Lawrence preemptions, from just about all the local laws, by way of overseer and receivership, means a loss of local control, and that for Lawrence it “cannot fit our need and thus create economic implications.” However, Massachusetts is a home rule state. It does not identify, at least on paper, Dillion’s rule. So why does the Commonwealth usurp Lawrence’s authority? Is it because of control of money, power, discrimination, etc.?

The residents of this city must educate themselves and find that the only way to regain our powers is to vote for officials that truly represent us and advocate for us. This includes state representatives, governors, attorney generals, etc. To say otherwise would only push off the responsibility we all say we want with local control.

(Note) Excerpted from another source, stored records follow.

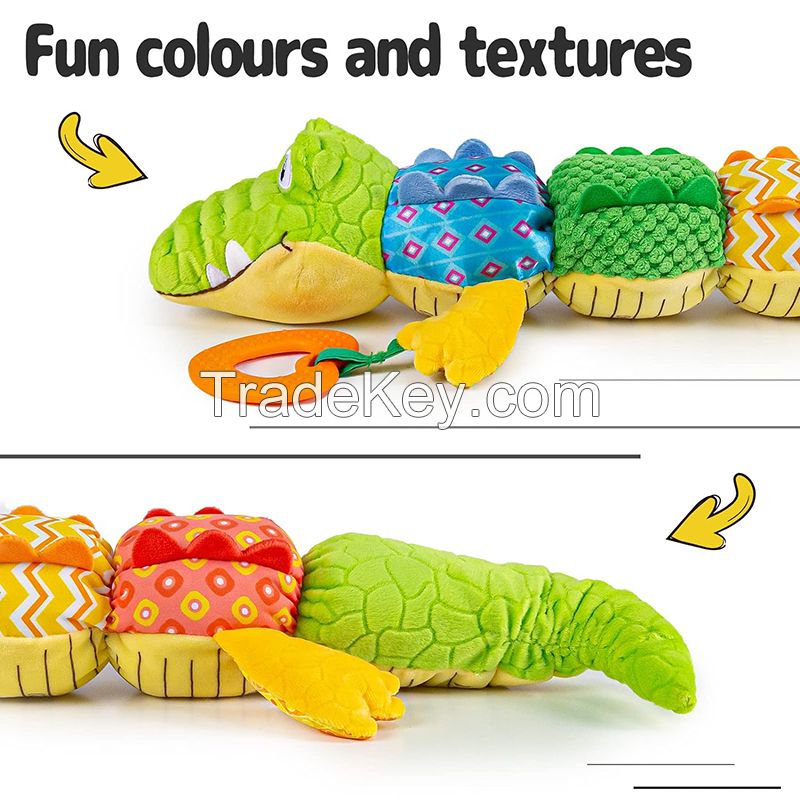 Explore Measure Product and The Triggers Baby‘s’Multi-Sensory Cognition with Alligator Plush Toy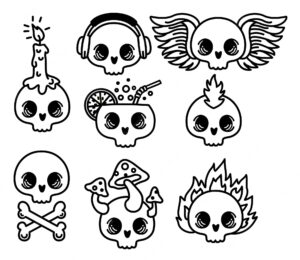 Set of cute cartoon skulls with a candle headphones flames mushrooms and wings halloween spooky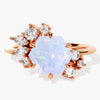 Hexagon Opal Vintage Engagement Ring with Moissanite Cluster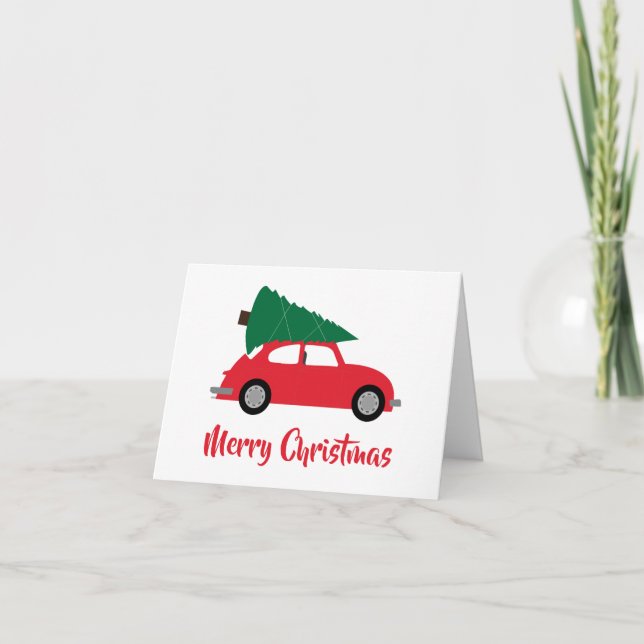 Mid Century Modern julgran & röd bil Kort (Framsida)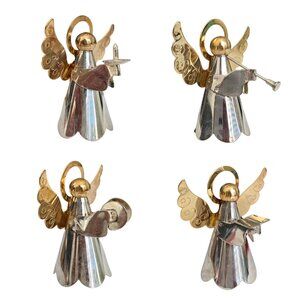 Vintage Silver and Gold Plated Angel Christmas Ornaments - Set of 4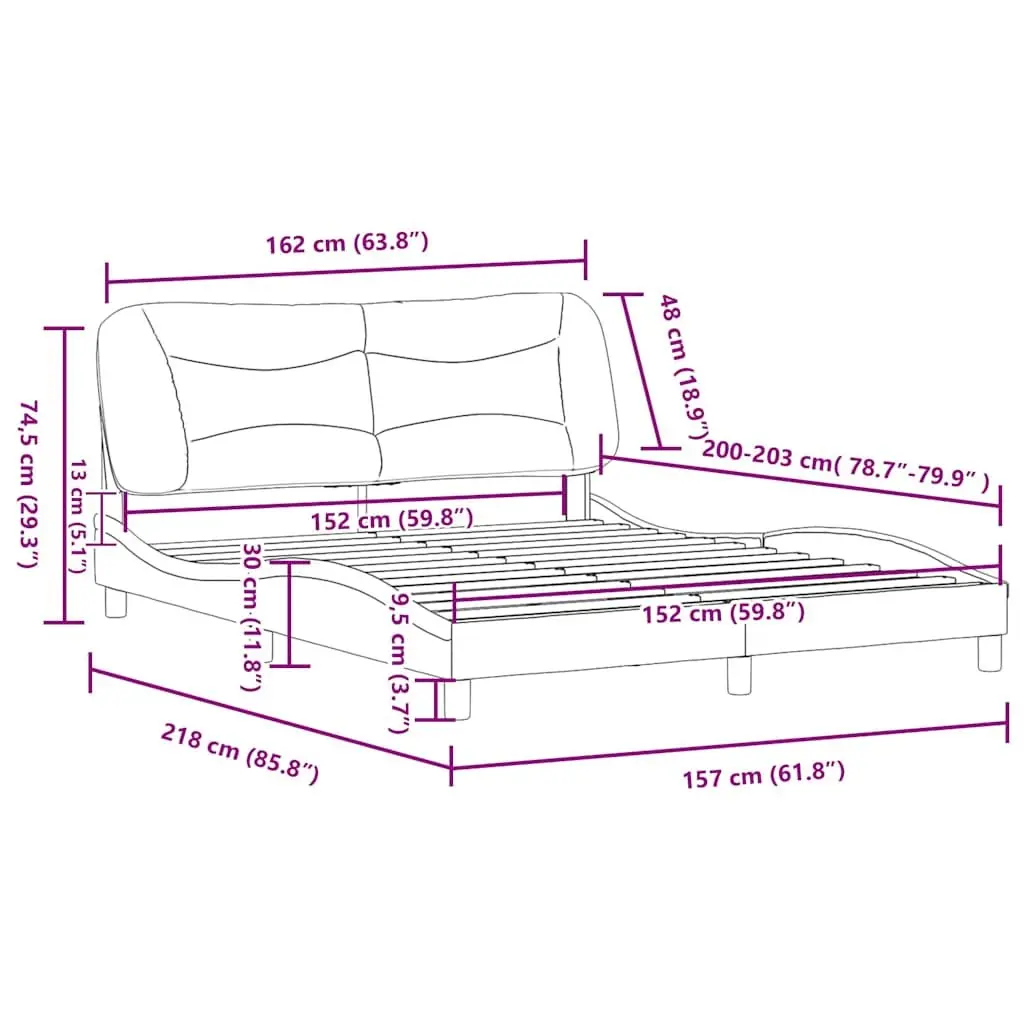 Queen Bed Frame with Cushioned Headboard Plywood Slats 152x203cm Black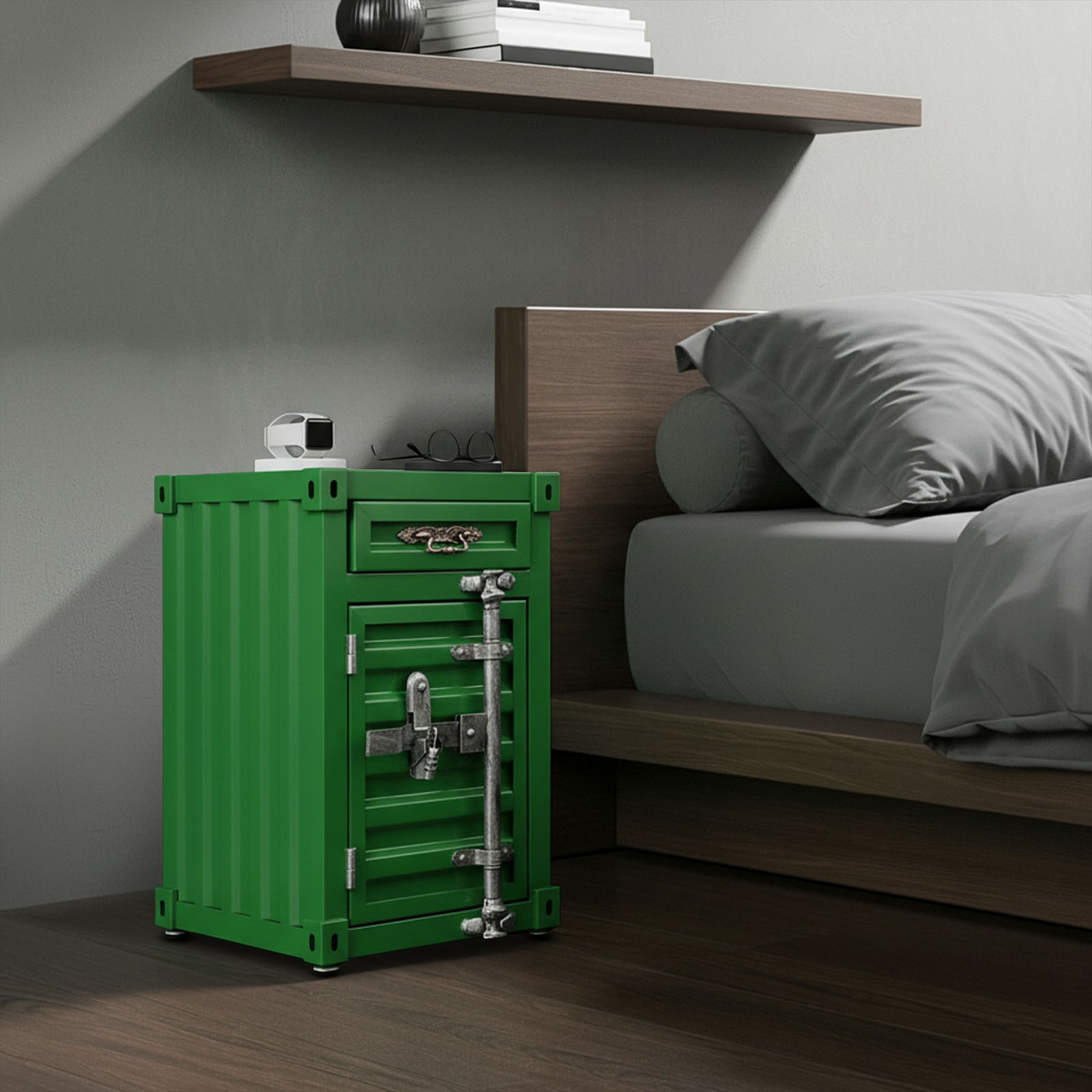 Industrial Metal Container Side Table, Container Style Side Table with Drawer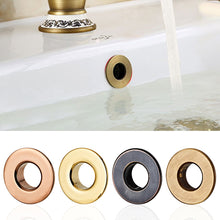 Load image into Gallery viewer, Replacement Copper Overflow Cover Basin Bathtub Overflow Outlet Decoration Cover Faucet Sink Silver Gold Black Brass Cover with Six-feet Ring
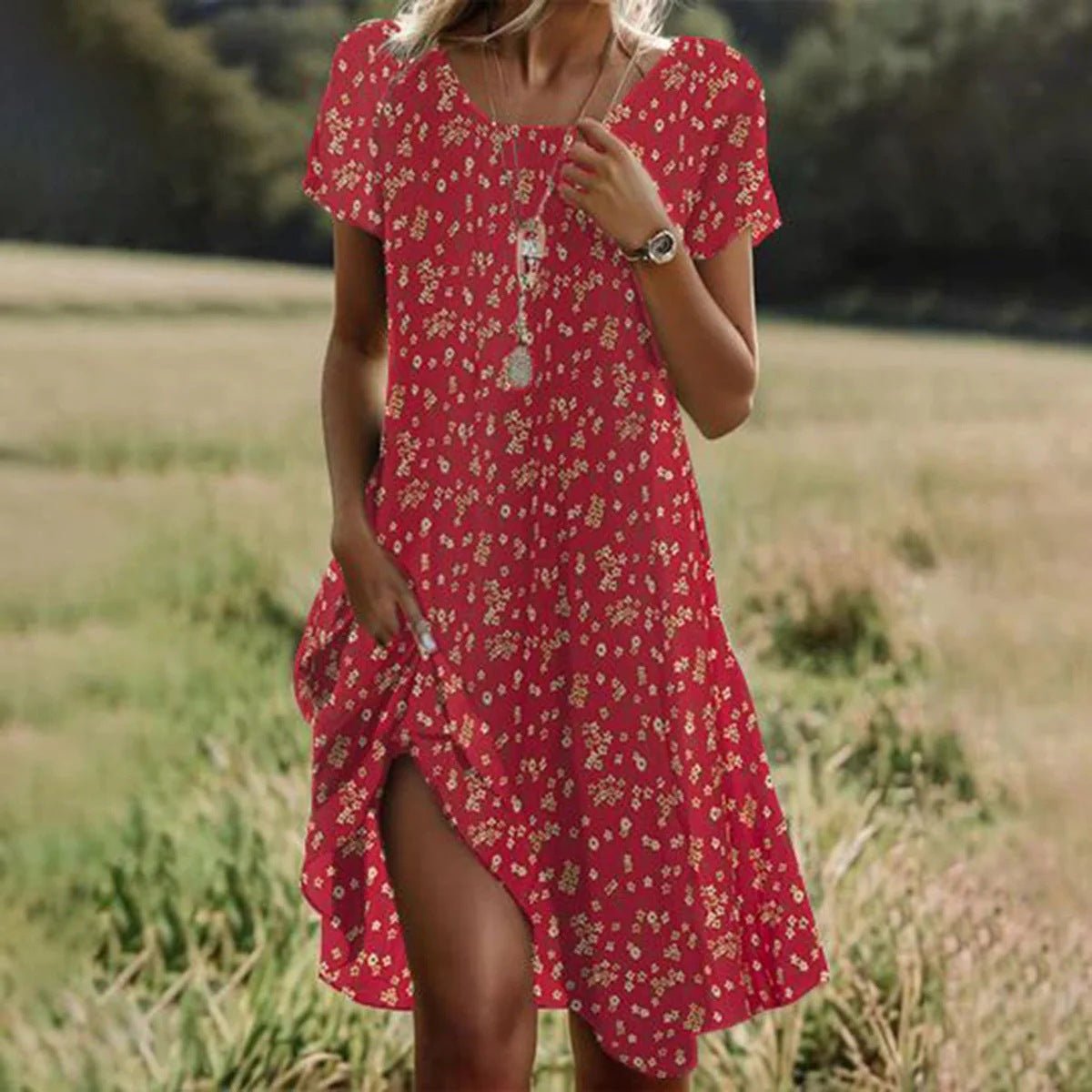 Anne - Luchtige zomer mini jurk met ruches voor dames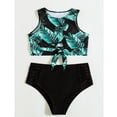 thumbnail image 3 of Gibobby Trajes de Baño para Mujer Estampado de cintura El traje de baño Ropa de playa Traje de baño Push Mujer Bikinis Bikini Hojas Trajes de baño altos (Verde de menta,CH), 3 of 4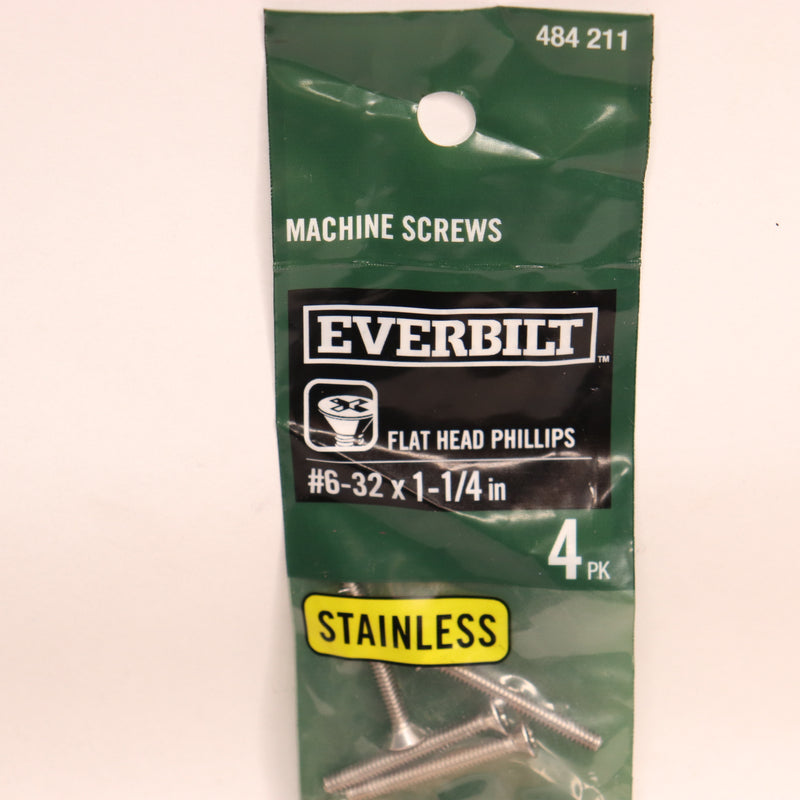 (4-Pk) Everbilt Phillips Flat Head Machine Screw Stainless Steel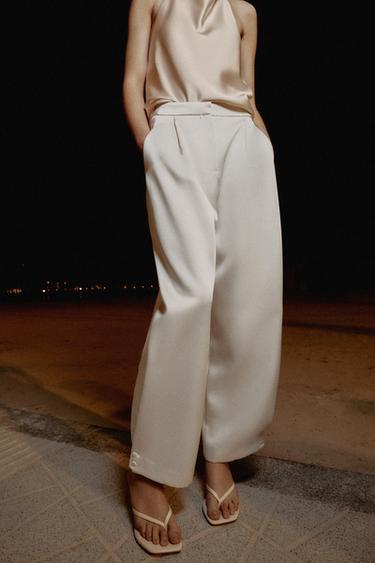 SATIN BARREL TROUSERS - Ecru by Zara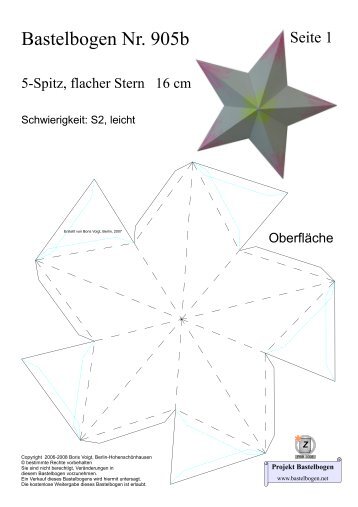 Bastelbogen 905b 5-Spitz flacher Stern - Projekt Bastelbogen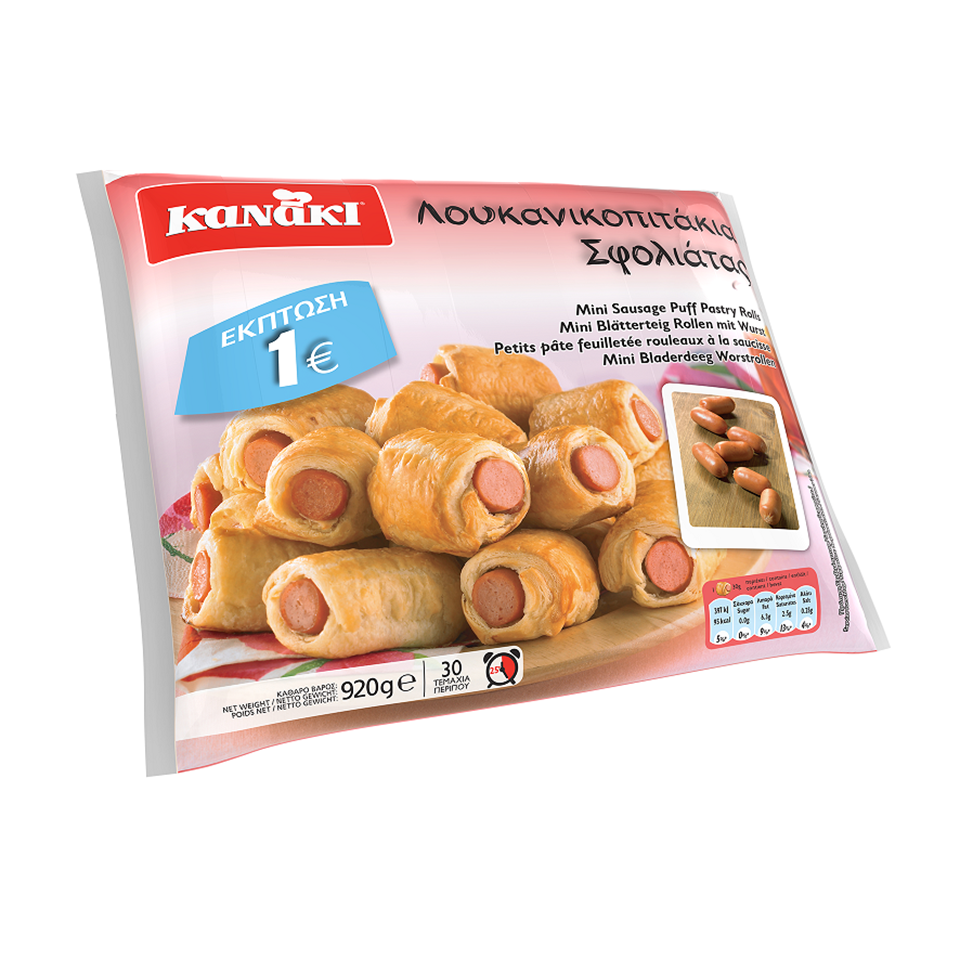 Λουκανικοπιτάκια Κατεψυγμένα -1€ Kanaki (920 g)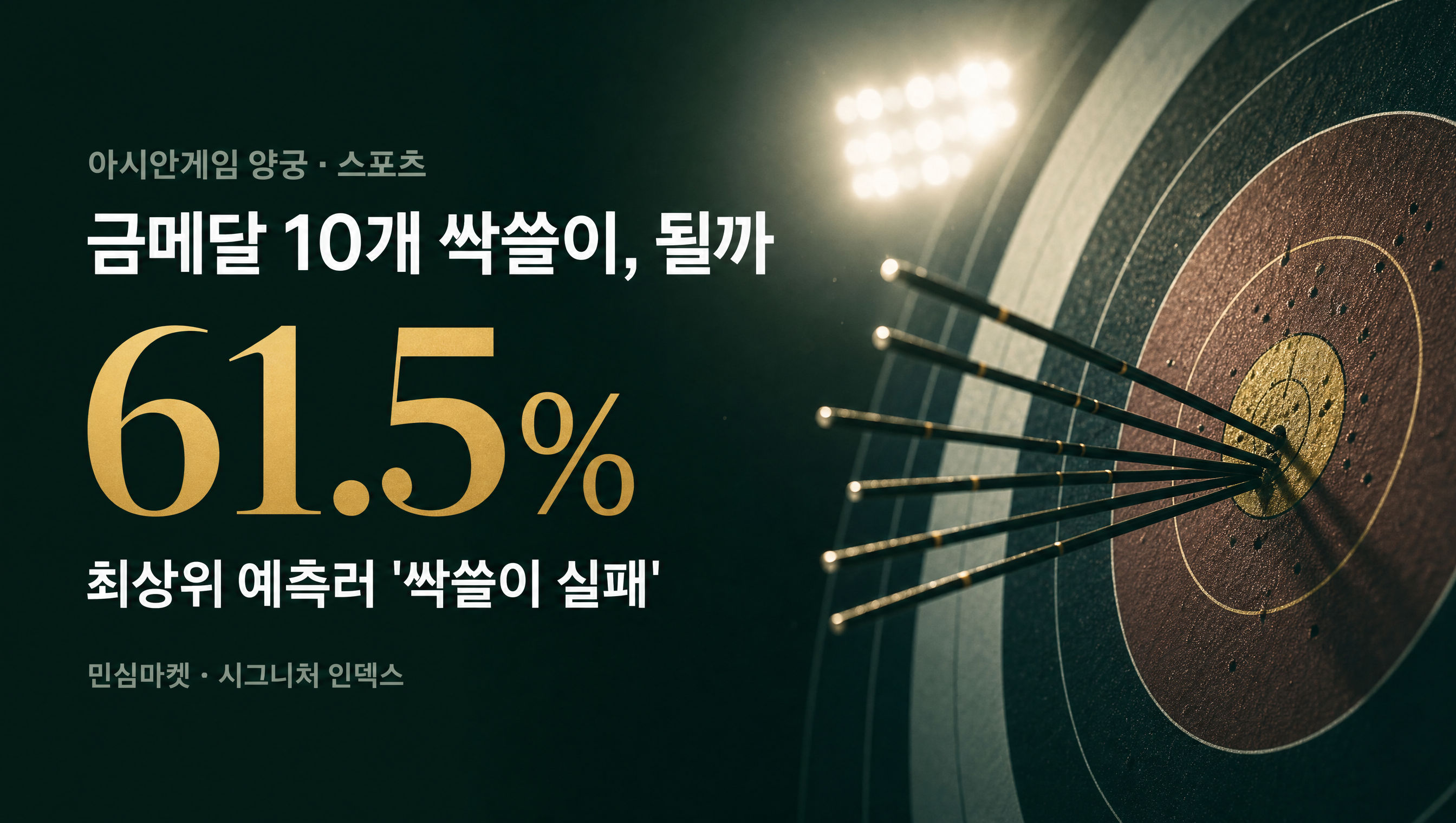 아시안게임 양궁 61.5% 민심마켓 예측 훅 썸네일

Police Logs and Crime Reports

The Police Log had not been updated since December 23, 2017 and it was finally done on February 4. We are sort of up-to-date for now. Let’s see how soon they put up the data for February 5 because I have something to check out.

Also, the monthly Crime Reports has not been updated since November 2017. There is nothing for December 2017 or 2018.

On a weekly basis, Rumbo receives reports from that organization about all kinds of crime being committed in the City of Lawrence (if reported by the authorities.) This past week, this is what we received:

We’re very sorry, but it looks like we have no crime data for you this week.


This may be because there has been an interruption in the data feed or your police agency doesn’t report weekly.

Now we know, nothing ever happens in Lawrence!

Sanctuary State?

If we get up one morning and find out that Massachusetts has become a Sanctuary State, that’s not the time to march in demonstrations demanding a reversal. Too late! Blame yourself for not being on top of your politicians’ decisions.

This House Bill S1305 was approved and sent to the Senate for debate by the Committee of Public Safety and Homeland Security, sponsored by James B. Eldridge, Juana Matias, Jack Lewis, Jason M. Lewis and other members of the General Court for legislation to protect the civil rights and safety of all Massachusetts residents.

(3) Neither a law enforcement agency nor the Massachusetts Registry of Motor Vehicles shall make any information in its databases or other record-keeping systems available to any entity for enforcement of any federal program requiring registration of persons on the basis of race, gender, sexual orientation, religion, or national or ethnic origin. Any agreements inconsistent with this section are null and void; provided, however, that nothing in this subsection shall prohibit or restrain a law enforcement agency or the Massachusetts Registry of Motor Vehicles from sending to, or receiving from, any local, state, or federal agency, information regarding citizenship or immigration status, consistent with 8 U.S.C. section 1373.

Class-less Pink

Did you know that I chew gum? Yes, I am confessing! I buy them in large quantities so I won’t run out and keep them by my computer. I like to use them after a meal, even after brushing my teeth – but never in public!

If you watched the Super Bowl when Pink sang the National Anthem, the first thing she did on camera, standing in front of the microphone, ready to begin she pulled the big chunk of gum from her mouth and threw it on the ground. How uncouth!